タイトルが矛盾している。UFOは「未確認飛行物体」で、そもそも宙に浮いており、物理的にも「地域」との関わりは希薄だ。もしかすると「地球」との関わりすら大してないかもしれない。そんなUFOが何と観光資源になる?
古くから多数の発光物体の目撃例があることから、「UFOの里」をうたう福島市飯野町。そこにあるのは「UFOふれあい館」。一体何とふれあうのか。宇宙人? HPを見ると1992年の開館。「数々の謎の研究資料や、UFOやその他のミステリーに関わる資料を集め、展示する施設」と説明されており、2021年6月24日のUFOの日には「UFO研究所」も開所した。

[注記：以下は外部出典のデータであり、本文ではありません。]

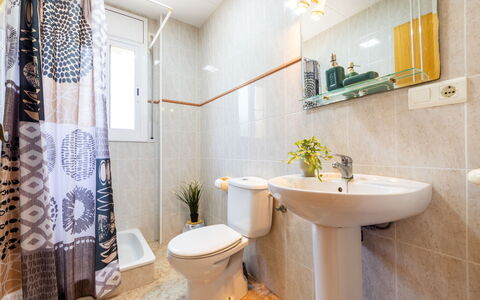 Lisa: Toilet Seat, Gabinetto, Bagno, Idraulico Fixture, Pavimentazione, Interior Design, Pavimento, Idraulico, Lavello, Lavandino Del Bagno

めちゃくちゃ行ってみたい! 何を隠そう、ゾンビ先生は子どもの頃から未確認動物のドーバーデーモンだの、SFドラマ『X-ファイル』だのが、大好物なのである。 UFOが実在するのか、そのUFOが福島出身(?)か否か、そんなことは瑣末(さまつ)事だ。UFO目撃談の背後には、奥行きのあるUFO・宇宙人文化、それと関わる広大なオカルト文化が控えている。UFOや宇宙人に関する映画、漫画、ゲームなどは枚挙にいとまがなく、UFOでのまちおこしを描いた小説『ロズウェルなんか知らない』(篠田節子著)まである。こうした関連メディアやグッズは史料的価値を持ち、資源になる。 そしてさらに、オカルト文化の背後には「未知のものへの憧れ」があり、それは学術的関心と根っこの部分では共通している。UFOや宇宙人の話を入り口に、宇宙、天文学、ロケット、宇宙開発などとも結び付けられる。
UFO研究所の初代所長は『月刊ムー』編集長の三上丈晴氏。ムーといえば、オカルト文化をけん引してきた代表的雑誌だ。最近、ガイドブックとコラボした『地球の歩き方 ムーJAPAN』なる書籍も発売された。あなたの地域の「あなたの知らない世界」が、観光につながるのかもしれない……。